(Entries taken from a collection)
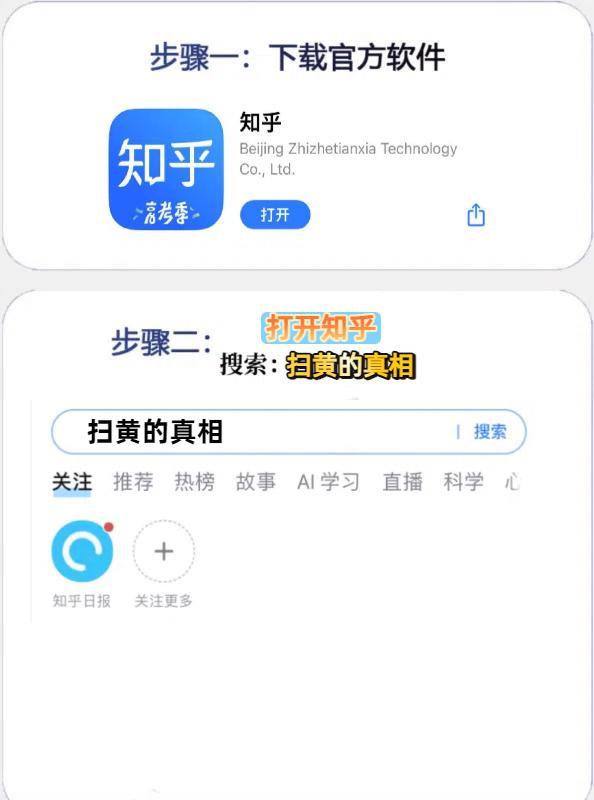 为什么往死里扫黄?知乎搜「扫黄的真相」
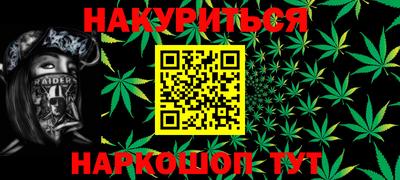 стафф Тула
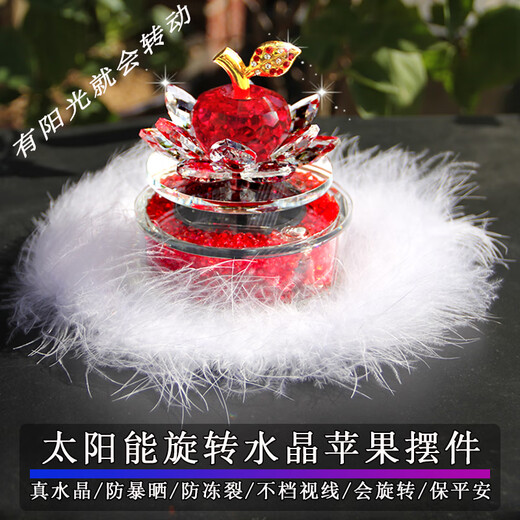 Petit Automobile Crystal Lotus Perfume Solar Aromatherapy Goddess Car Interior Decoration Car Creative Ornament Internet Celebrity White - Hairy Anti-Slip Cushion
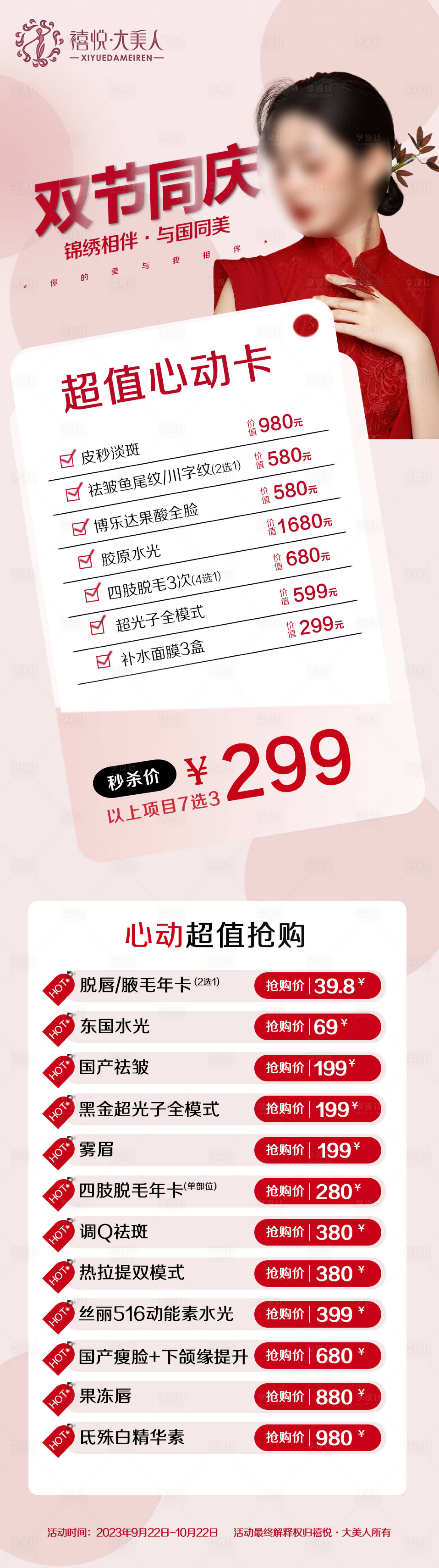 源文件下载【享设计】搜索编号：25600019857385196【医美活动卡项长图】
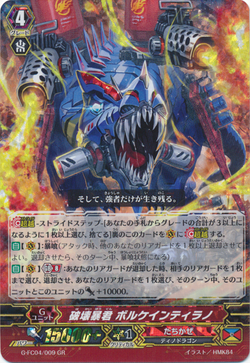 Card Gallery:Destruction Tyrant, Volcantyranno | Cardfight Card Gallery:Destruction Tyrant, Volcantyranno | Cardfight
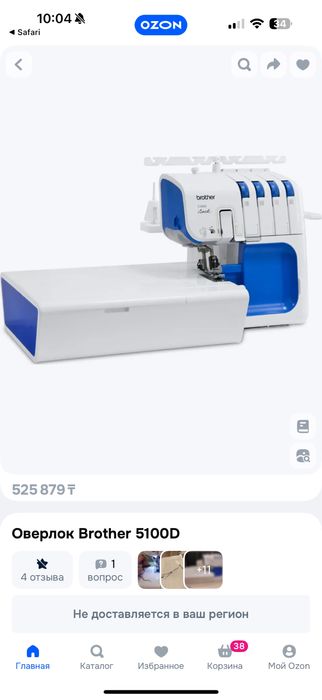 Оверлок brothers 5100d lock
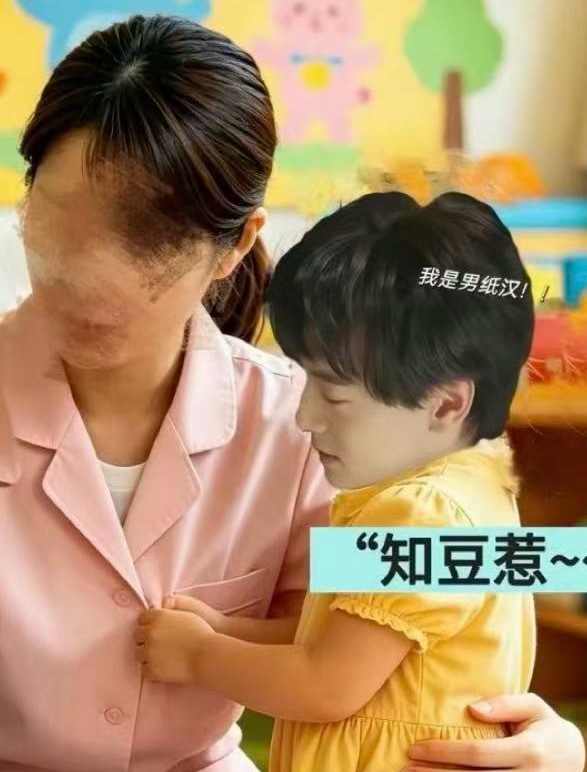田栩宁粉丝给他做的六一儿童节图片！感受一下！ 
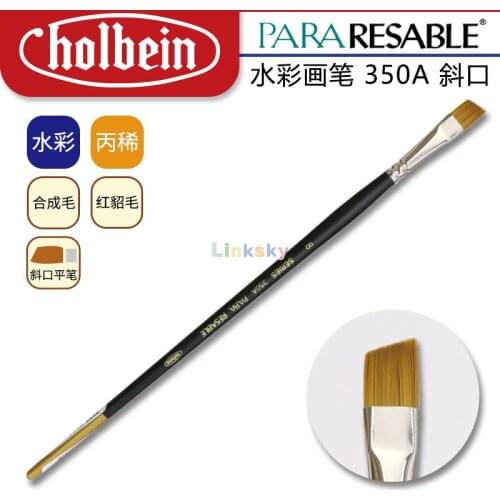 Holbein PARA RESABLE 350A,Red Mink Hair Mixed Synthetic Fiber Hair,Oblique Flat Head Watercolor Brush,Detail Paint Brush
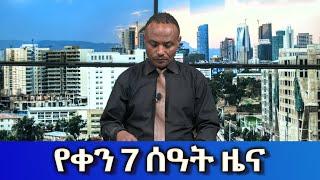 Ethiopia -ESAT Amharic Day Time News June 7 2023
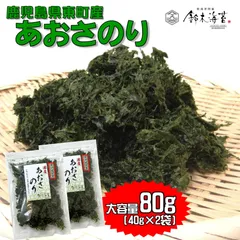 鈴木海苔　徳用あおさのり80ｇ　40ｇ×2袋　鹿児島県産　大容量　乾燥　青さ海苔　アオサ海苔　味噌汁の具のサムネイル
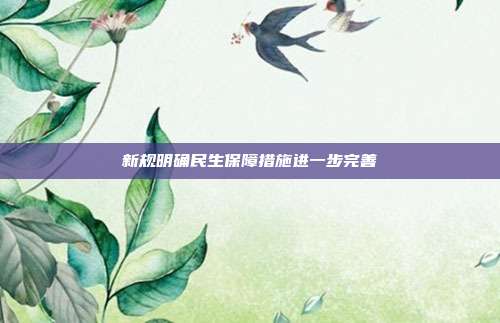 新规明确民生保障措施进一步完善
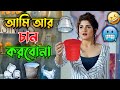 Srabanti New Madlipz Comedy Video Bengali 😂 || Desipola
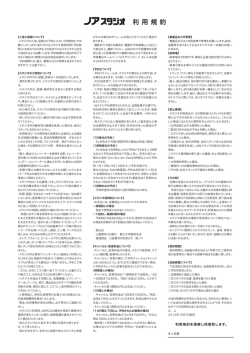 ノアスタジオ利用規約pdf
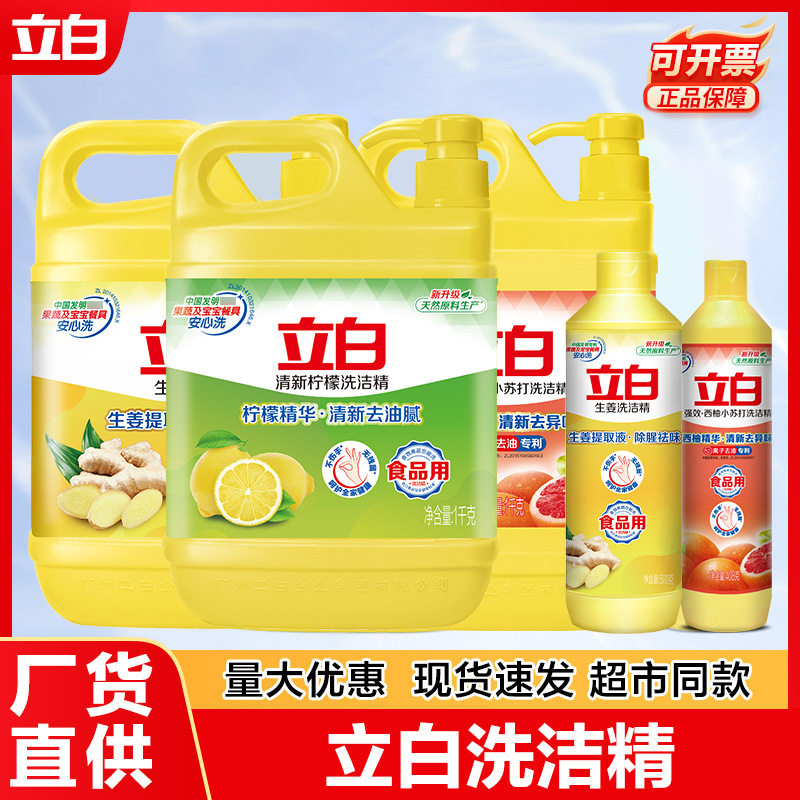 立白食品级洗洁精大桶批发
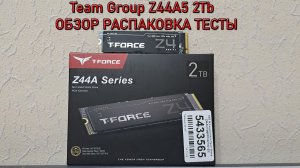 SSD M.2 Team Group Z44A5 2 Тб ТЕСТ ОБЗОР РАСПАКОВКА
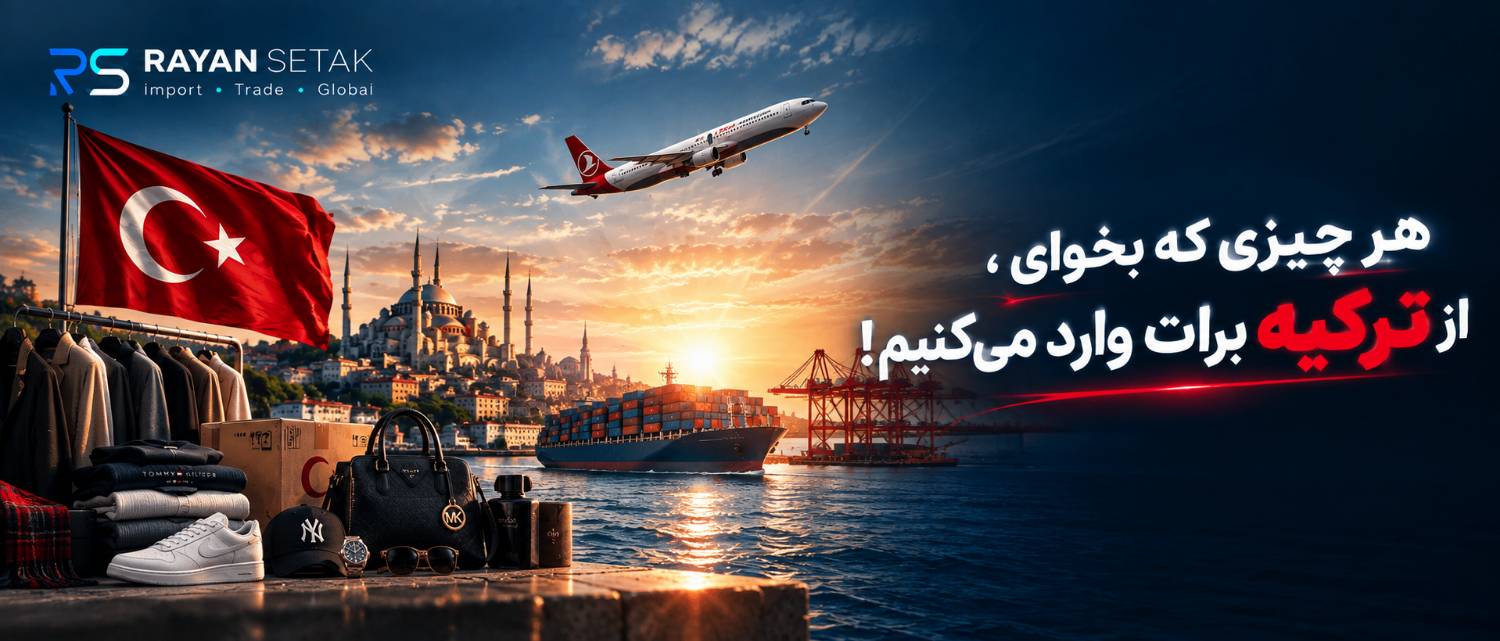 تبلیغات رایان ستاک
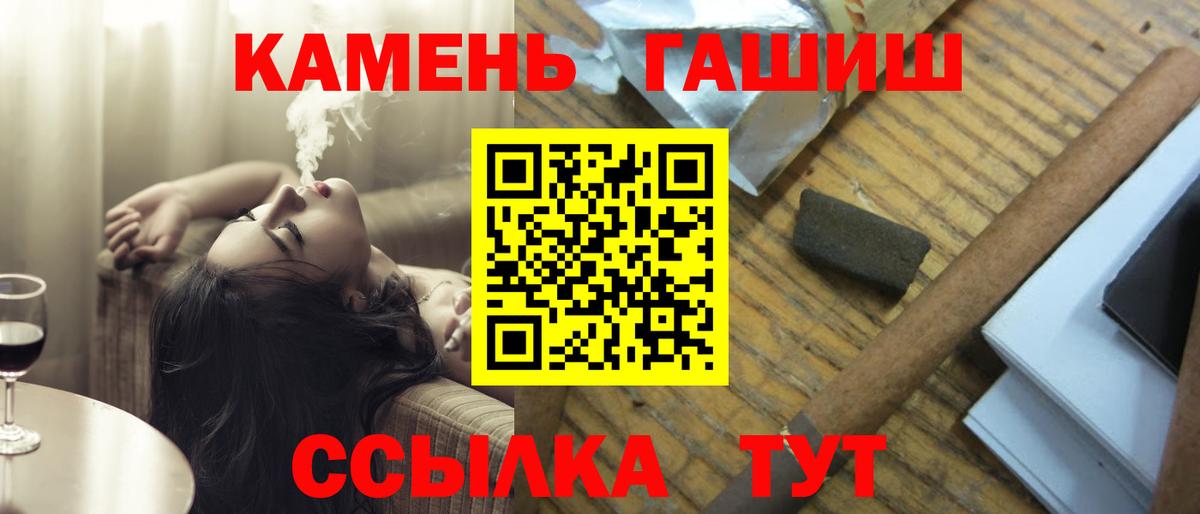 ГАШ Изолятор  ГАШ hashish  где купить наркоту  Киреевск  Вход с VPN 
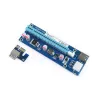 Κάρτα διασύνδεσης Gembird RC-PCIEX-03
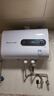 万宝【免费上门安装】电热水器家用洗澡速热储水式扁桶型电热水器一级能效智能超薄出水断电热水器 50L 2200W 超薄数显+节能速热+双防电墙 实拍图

**Work task**: In the entries above, which lines run from the one with "源文件下载【享设计】搜索编号" up to and including the one with "تبلیغات رایان ستاک"? Write them out exactly, without the pictures.

**Answer space**:
 源文件下载【享设计】搜索编号：25600019857385196【医美活动卡项长图】
 Card Gallery:Destruction Tyrant, Volcantyranno | Cardfight Card Gallery:Destruction Tyrant, Volcantyranno | Cardfight
 Оверлок brothers 5100d lock
田栩宁粉丝给他做的六一儿童节图片！感受一下！ 
 Holbein PARA RESABLE 350A,Red Mink Hair Mixed Synthetic Fiber Hair,Oblique Flat Head Watercolor Brush,Detail Paint Brush
 Ethiopia -ESAT Amharic Day Time News June 7 2023
 鈴木海苔　徳用あおさのり80ｇ　40ｇ×2袋　鹿児島県産　大容量　乾燥　青さ海苔　アオサ海苔　味噌汁の具のサムネイル
 新规明确民生保障措施进一步完善
 Srabanti New Madlipz Comedy Video Bengali 😂 || Desipola
 ノアスタジオ利用規約pdf
 立白食品级洗洁精大桶批发
 SSD M.2 Team Group Z44A5 2 Тб ТЕСТ ОБЗОР РАСПАКОВКА
 تبلیغات رایان ستاک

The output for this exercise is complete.